Your copy should begin with the line containing "Young athletic man exercising in the rain", end with the line containing "A person in", match the listing below exactly, and contain no pictures.

**EXCERPTED RECORDS**
--------------------
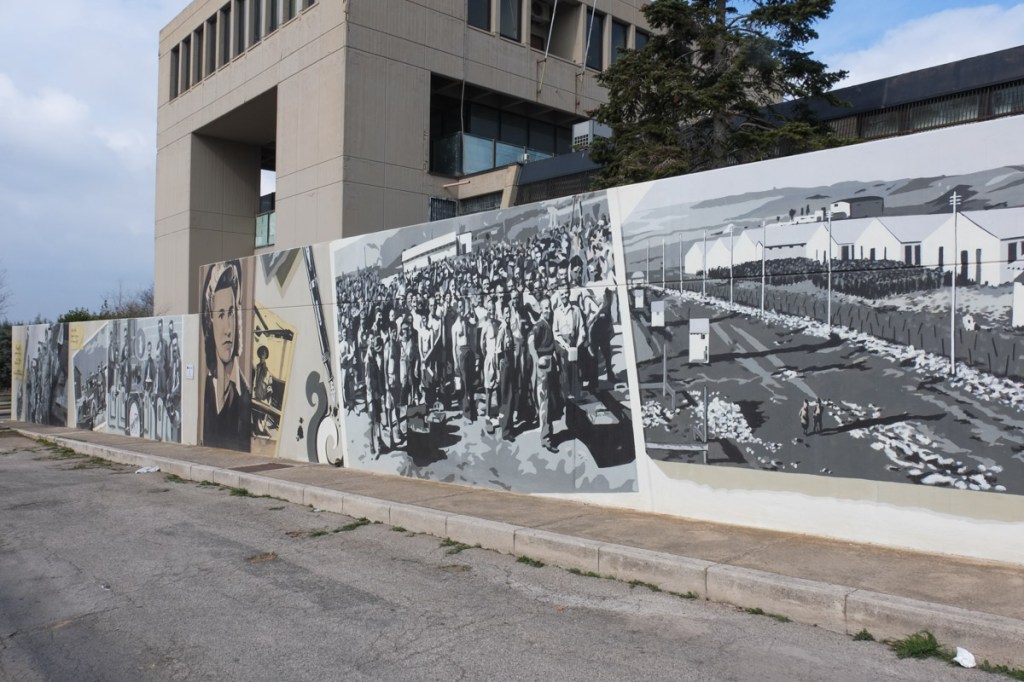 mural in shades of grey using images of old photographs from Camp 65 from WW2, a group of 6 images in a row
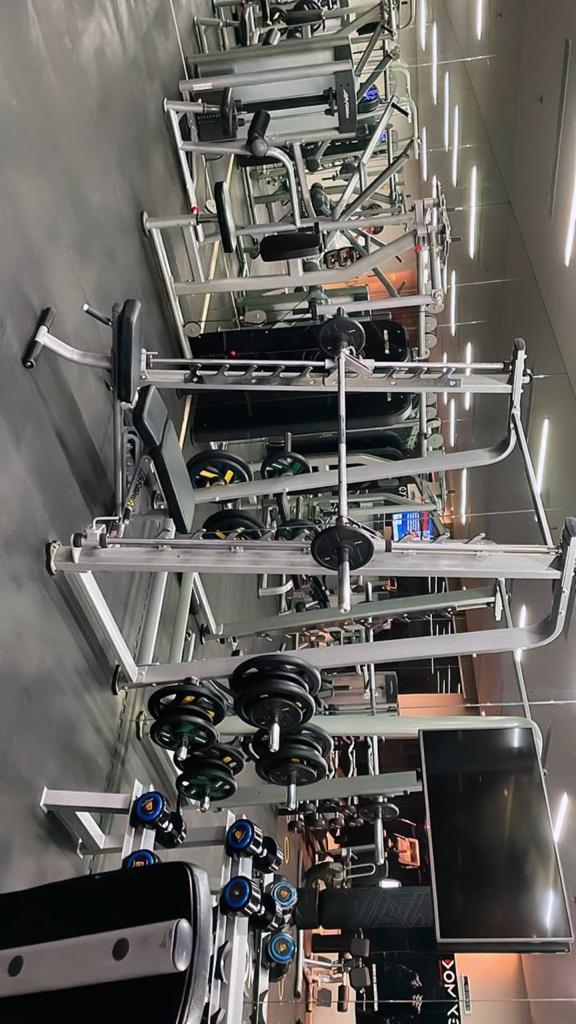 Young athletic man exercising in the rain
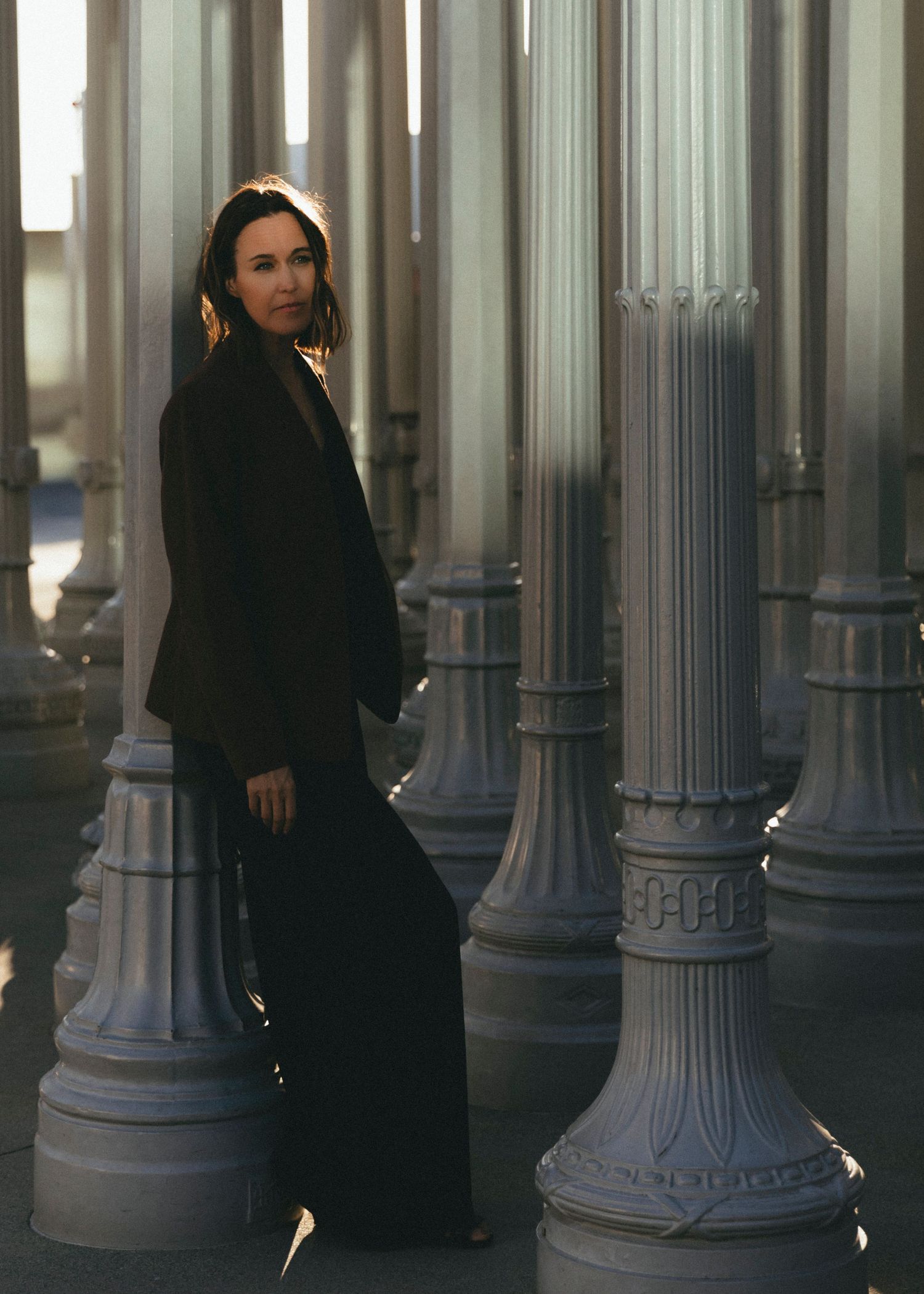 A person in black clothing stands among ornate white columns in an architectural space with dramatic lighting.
--------------------
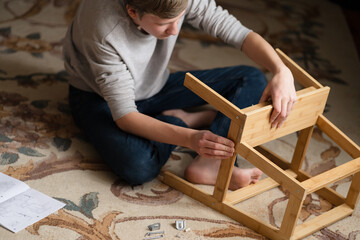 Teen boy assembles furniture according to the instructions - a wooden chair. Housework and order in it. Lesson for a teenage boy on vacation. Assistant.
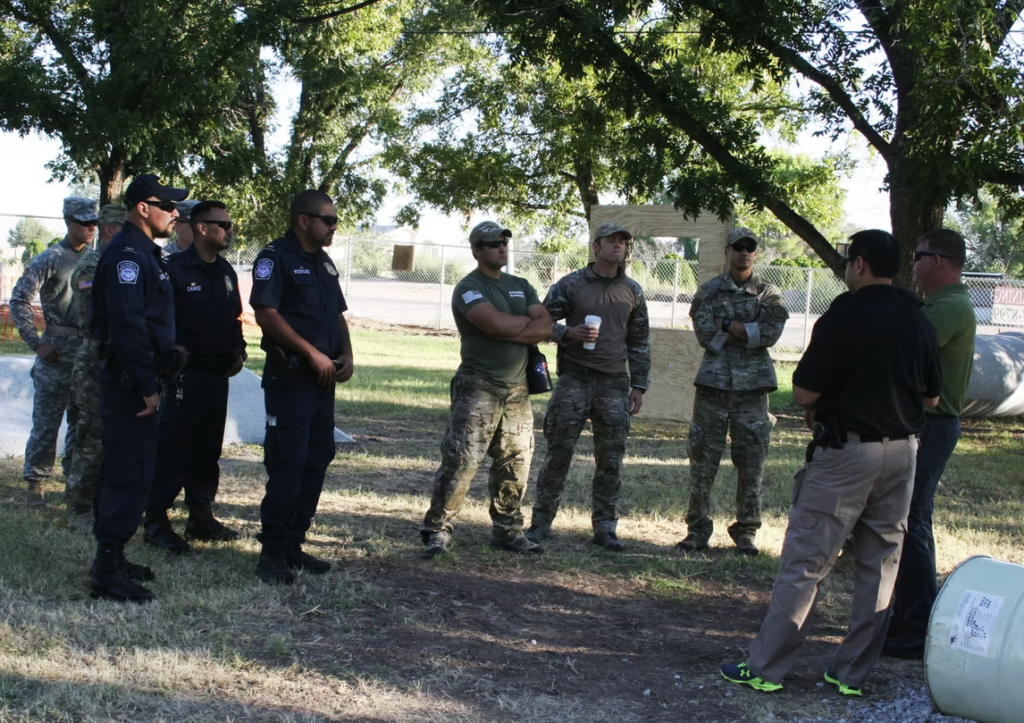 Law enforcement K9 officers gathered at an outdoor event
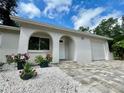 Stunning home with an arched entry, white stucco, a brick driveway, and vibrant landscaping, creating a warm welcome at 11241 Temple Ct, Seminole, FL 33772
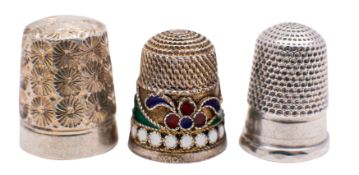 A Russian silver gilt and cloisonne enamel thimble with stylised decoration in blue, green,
--------------------
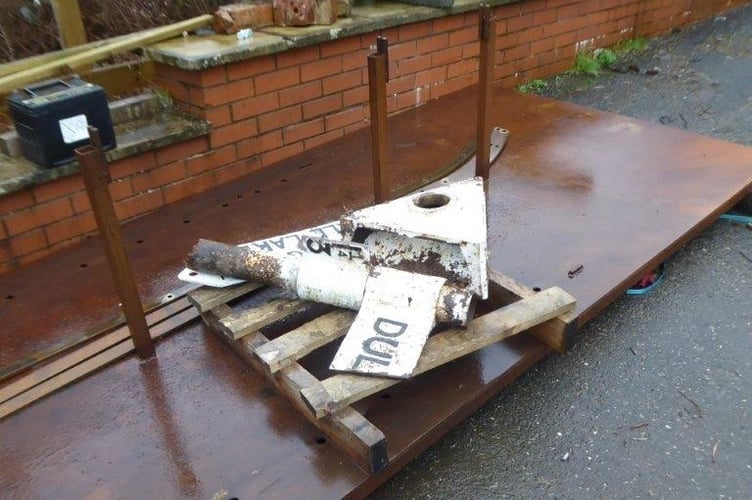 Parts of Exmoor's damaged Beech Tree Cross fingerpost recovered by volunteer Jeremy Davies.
--------------------
**RESULT OF THIS TASK**
 Young athletic man exercising in the rain
 A person in black clothing stands among ornate white columns in an architectural space with dramatic lighting.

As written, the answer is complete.